Dalam pembahasan ini, akan fokus pada model penghapusan tradisi, khususnya mengenai khamr. Pada zaman jahiliyah, meminum khamr telah menjadi bagian integral dari kehidupan bangsa Arab. Banyak orang yang merasa memperoleh manfaat dari minuman tersebut. Menyadari hal ini, Islam tidak langsung melarangnya, tetapi melakukannya secara bertahap. Jika pengharaman dilakukan sekaligus, dikhawatirkan akan menimbulkan penolakan dari masyarakat yang sudah terlanjur akrab dengan tradisi ini.
Imam Fakhruddin ar-Razi mengutip Al-Qaffal mengenai hikmah di balik pengharaman khamr secara bertahap. Dia menjelaskan bahwa karena tradisi meminum khamr sangat melekat pada masyarakat Arab saat itu, serta mereka merasakan banyak manfaat dari minuman tersebut, maka jika larangan diterapkan sekaligus, akan sulit bagi mereka untuk menerimanya.
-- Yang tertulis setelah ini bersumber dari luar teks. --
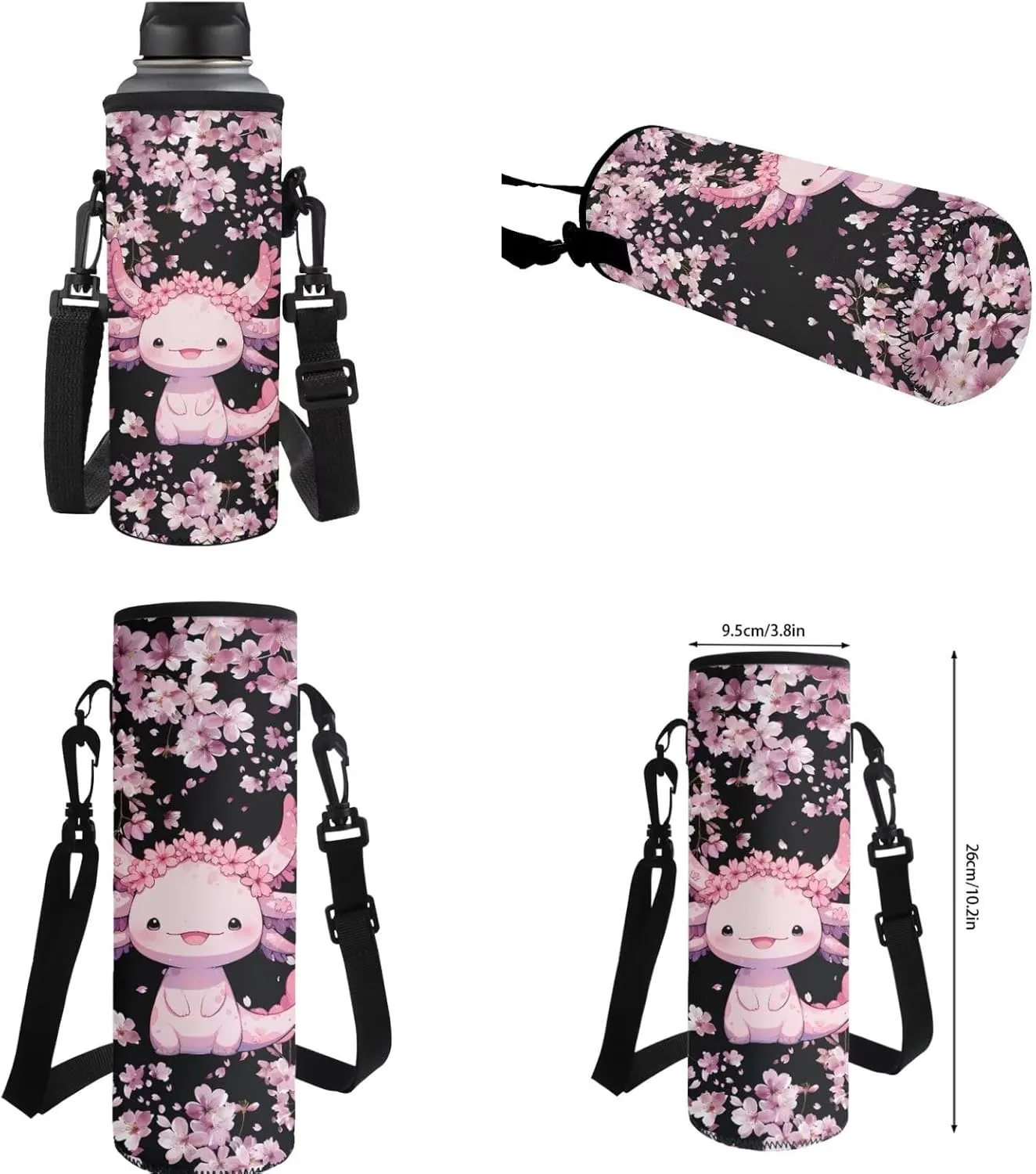 HUIACONG Axolotl Backpack for Girls Cherry Blossoms Bookbag with Lunch Box Set Kids Elementary School Bag Lunchbox Kindergarten 6-8/8-10 Train Back to School Supplies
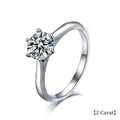 Classic six-prong 925 sterling silver ring with a 2-carat round brilliant cut solitaire - US 5 / 2 Carat Moissanite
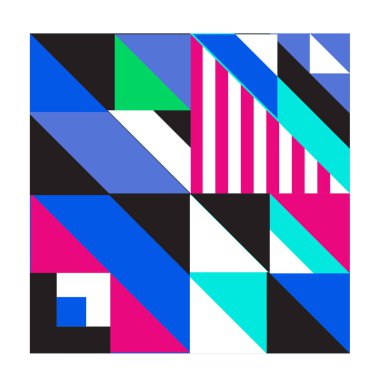 Trendy geometrik kaleydoskop öğeleri memphis tebrik kartları tasarımı. Retro tarzı doku, desen ve öğeleri. Modern soyut tasarım poster ve kapak şablonu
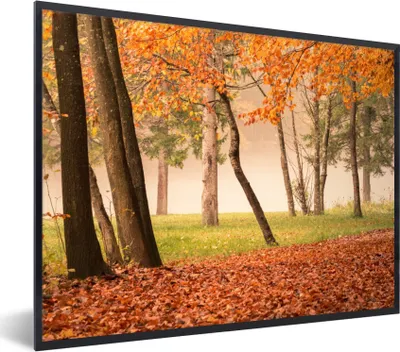 Produktbild von MuchoWow® Gerahmtes Poster Blätter - Herbst - Wald 40x30 cm - Poster mit Schwarzem Bilderrahmen Wandposter Rahmen Foto Bilder - Kunstposter - Wanddekorationen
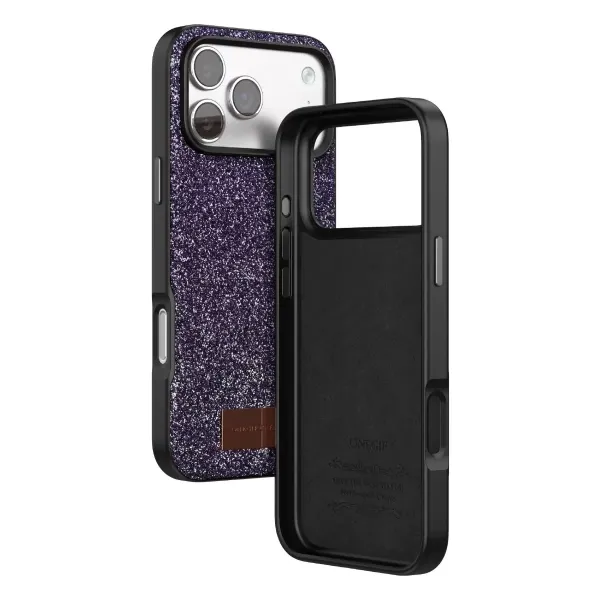 Onegif Apple İphone 17 Pro Bright Simli Kapak - Derin Mor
Oleh karena itu, pengharaman dilakukan secara bertahap sebagai bentuk kasih sayang.
Dalam tafsirnya, ar-Razi menjelaskan bahwa proses pengharaman khamr berlangsung melalui empat ayat Al-Qur’an. Ayat pertama terdapat dalam surat An-Nahl ayat 67 yang menyebutkan tentang minuman memabukkan yang terbuat dari buah anggur dan kurma. Saat itu, minuman tersebut belum diharamkan, sehingga umat Muslim masih mengonsumsinya.
Kemudian, Umar bin Khattab dan sekelompok sahabat mengeluhkan dampak negatif dari khamr kepada Nabi Muhammad saw. Mereka meminta fatwa terkait khamr karena dianggap telah mengganggu akal dan merugikan harta. Ayat Al-Baqarah ayat 219 kemudian turun, menjelaskan bahwa khamr memiliki dosa besar meskipun juga ada beberapa manfaat. Namun, dampak buruknya lebih banyak dibandingkan dengan manfaatnya.
Motif dari ayat ini adalah untuk mengarahkan masyarakat agar lebih memilih untuk meninggalkan khamr. Dengan turunnya ayat tersebut, sebagian masyarakat mulai menghindari minuman itu. Suatu ketika, Abdurrahman bin Auf mengundang banyak orang untuk meminum khamr, dan dalam keadaan mabuk, mereka melaksanakan shalat tetapi terjadi kesalahan dalam membaca ayat Al-Kafirun yang dapat membahayakan akidah.
Menanggapi kejadian tersebut, Allah menurunkan surat An-Nisa ayat 43 yang melarang orang-orang beriman untuk shalat dalam keadaan mabuk. Setelah ayat ini turun, jumlah orang yang mengonsumsi khamr semakin sedikit. Namun, kejadian lain terjadi ketika sekelompok kaum Anshar berkumpul untuk meminum khamr yang berujung pada perkelahian.
Umar bin Khattab kemudian mengadu kepada Rasulullah dan meminta penjelasan lebih lanjut mengenai khamr. Lalu turunlah surat Al-Maidah ayat 90 yang secara tegas mengharamkan khamr. Dalam ayat tersebut, Allah menyebutkan bahwa khamr, judi, dan beberapa praktik lainnya adalah perbuatan syaitan yang harus dijauhi agar mendapatkan keberuntungan.
Sejak saat itu, khamr secara resmi diharamkan oleh Islam, tepatnya pada tahun tiga hijriah setelah peristiwa Perang Uhud. Bersamaan dengan pengharaman khamr, tradisi perjudian juga turut diharamkan.
Proses pengharaman khamr menunjukkan bahwa dalam memberantas tradisi yang menyimpang dari syariat dan sudah mengakar kuat dalam masyarakat, Islam mengambil pendekatan bijak tanpa terburu-buru. Ini menjadi metode dakwah yang penting agar Islam lebih mudah diterima oleh masyarakat.